После инцидента со стрельбой добавился еще один шаг: она навещала Хармона-младшего в окружной больницу Денвера. Хармон научился у отца не выставлять чувств напоказ и не жаловаться, поэтому иногда было трудно сказать, что он на самом деле чувствует. Но в психологическом смысле он, казалось, оправился очень быстро – гораздо быстрее, чем это удалось бы самой Элеанор, если бы ей безо всяких причин выстрелили в спину. Когда Хармон отошел от шока и действия медикаментов, к нему вернулся его обычный оптимизм – вместе с неким мачистским бахвальством, которого она за ним прежде не замечала. В него стреляли и он выжил. Это был ого-го какая возможность составить себе имя в школе. Мачизм смотрелся мило, если не слишком его запускать.
При мыслях о сыне Элеанор улыбнулась сама себе, сидя на скамейке перед «Бульвар Моллом». На коленях у нее лежал большой оранжевый сырный кирпич в тонкой картонной коробке и несколько фунтов овсяной крупы и бобов пинто в прозрачных пластиковых пакетах. Над ней высился большой красный металлический щит с надписью «ПРОКАТИСЬ С ВЕТЕРКОМ».

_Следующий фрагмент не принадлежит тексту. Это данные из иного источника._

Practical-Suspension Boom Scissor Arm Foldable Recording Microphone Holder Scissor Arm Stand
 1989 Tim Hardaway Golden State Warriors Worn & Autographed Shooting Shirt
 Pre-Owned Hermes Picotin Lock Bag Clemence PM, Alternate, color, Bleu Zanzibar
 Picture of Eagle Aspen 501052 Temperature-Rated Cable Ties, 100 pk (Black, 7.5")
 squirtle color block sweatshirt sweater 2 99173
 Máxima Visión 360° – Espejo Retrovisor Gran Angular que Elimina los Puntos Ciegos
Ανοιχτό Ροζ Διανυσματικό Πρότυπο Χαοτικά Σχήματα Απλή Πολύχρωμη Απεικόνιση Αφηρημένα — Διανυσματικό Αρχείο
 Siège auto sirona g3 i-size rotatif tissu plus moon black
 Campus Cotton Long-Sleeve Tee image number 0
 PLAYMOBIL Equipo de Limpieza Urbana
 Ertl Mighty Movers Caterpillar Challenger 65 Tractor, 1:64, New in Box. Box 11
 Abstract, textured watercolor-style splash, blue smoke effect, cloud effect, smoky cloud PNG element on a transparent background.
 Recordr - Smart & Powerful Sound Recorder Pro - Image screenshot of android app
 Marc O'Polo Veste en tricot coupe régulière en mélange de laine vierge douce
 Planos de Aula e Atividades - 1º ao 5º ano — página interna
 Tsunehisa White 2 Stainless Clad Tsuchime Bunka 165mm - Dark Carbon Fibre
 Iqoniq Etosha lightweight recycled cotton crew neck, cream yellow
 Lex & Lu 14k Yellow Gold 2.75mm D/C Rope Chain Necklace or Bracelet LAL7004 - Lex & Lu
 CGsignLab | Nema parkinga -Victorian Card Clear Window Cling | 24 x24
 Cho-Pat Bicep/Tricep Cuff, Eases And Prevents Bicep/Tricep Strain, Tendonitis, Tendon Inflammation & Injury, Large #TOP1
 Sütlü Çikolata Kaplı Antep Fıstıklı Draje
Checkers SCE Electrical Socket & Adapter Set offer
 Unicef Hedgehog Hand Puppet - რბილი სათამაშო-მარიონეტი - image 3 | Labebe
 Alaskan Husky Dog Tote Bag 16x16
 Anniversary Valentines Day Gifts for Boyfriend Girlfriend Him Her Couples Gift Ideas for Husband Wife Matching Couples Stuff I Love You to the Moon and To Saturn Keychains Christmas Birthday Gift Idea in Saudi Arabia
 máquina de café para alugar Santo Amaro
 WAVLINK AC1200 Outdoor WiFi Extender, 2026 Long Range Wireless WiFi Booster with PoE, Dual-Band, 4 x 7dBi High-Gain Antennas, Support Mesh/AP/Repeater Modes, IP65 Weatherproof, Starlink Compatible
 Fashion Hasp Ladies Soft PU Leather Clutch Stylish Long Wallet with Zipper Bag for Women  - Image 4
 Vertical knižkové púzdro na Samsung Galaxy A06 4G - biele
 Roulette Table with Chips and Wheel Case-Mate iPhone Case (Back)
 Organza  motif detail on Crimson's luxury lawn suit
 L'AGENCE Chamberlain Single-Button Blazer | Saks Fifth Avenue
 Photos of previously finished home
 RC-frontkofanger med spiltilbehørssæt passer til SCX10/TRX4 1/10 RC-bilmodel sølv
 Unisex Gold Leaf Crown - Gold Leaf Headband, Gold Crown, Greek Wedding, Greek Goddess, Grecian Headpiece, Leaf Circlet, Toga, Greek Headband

Мимо проходили люди, вразнобой идущие с парковок, чтобы собраться толпой у главного входа в молл. Эти люди катались с ветерком под собственными номерами, многие из которых были выданы в соседних округах. Они то и дело бросали на нее неприязненные взгляды. Для Денвера, окруженного теперь со всех сторон цветными гетто, это не было каким-то исключительным явлением, но даже для Денвера неприязненных взглядов было как-то уж чересчур много. Тут она поняла, что все окружающие одеты в футболки или бейсболки, украшенные слоганом «ЭРЛ СТРОНГ СПРАВЕДЛИВ И СТРОГ».
Всем было известно, что настоящее имя Эрла Стронга – Эрвин Дадли Стренг, но никому, кажется, не было до этого никакого дела, и это было одной из множества его черт, которые выводили Элеанор Ричмонд из себя.
Не то чтобы менять имя было как-то неправильно.
Но кандидатов распинали в прессе за куда меньшие прегрешения. На этом фоне Эрл Стронг / Эрвин Дадли Стренг, казалось, смог выйти сухим из воды, совершив убийство.
Он мог бы выбрать что-нибудь менее очевидное, чем Стронг. Изменить имя и использовать его двойное значение в слогане кампании... это было как-то чересчур. Как будто он был всего лишь новым телевизионным сериалом. Но хотя все совершенно ясно понимали, что творит Эрвин Дадли Стренг, они пускали перед ним слюни, как голодные псы.
Не исключено, что одной из причин враждебного отношения Элеанор был тот факт, что он познакомилась с этим человеком гораздо раньше и потому не могла воспринимать его всерьез.
Первый раз имя «Эрвин Дадли Стренг» она увидела напечатанным над заламинированной фотографией на удостоверении. Она рассматривала его сквозь искажающие картинку линзы дверного глазка дома в Эльдорадо Хайлендс. Она была дома одна и ожидала установщика кабельного телевидения; кабельная компания пообещала, что тот прибудет между девятью и пятью, и ей пришлось провести в пустом доме целый день. В 16:45 он наконец позвонил в дверь; он держал свое удостоверение сотрудника кабельной компании таким образом, что больше ей ничего не было видно.
Так или иначе, она по праву могла гордится собственной проницательностью: уже по этому мелкому жесту они поняла, что Эрвин Дадли Стренг – козел.
Она открыла дверь. Эрвин Дадли Стренг опустил бейджик, открыв узкое, вогнутое лицо, усыпанное кратерами густо, как поверхность луны. Он посмотрел Элеанор Ричмонд в глаза и челюсть у него отвалилась. Он таращился на нее, не говоря ни слова, в течение нескольких секунд. Это был тот самый взгляд, каким смотрят на черного, чтобы показать ему, что он оказался не на своем месте. Чтобы напомнить ему, если он вдруг забыл, что он на чужом континенте.
– Чем могу помочь? – спросила Элеанор.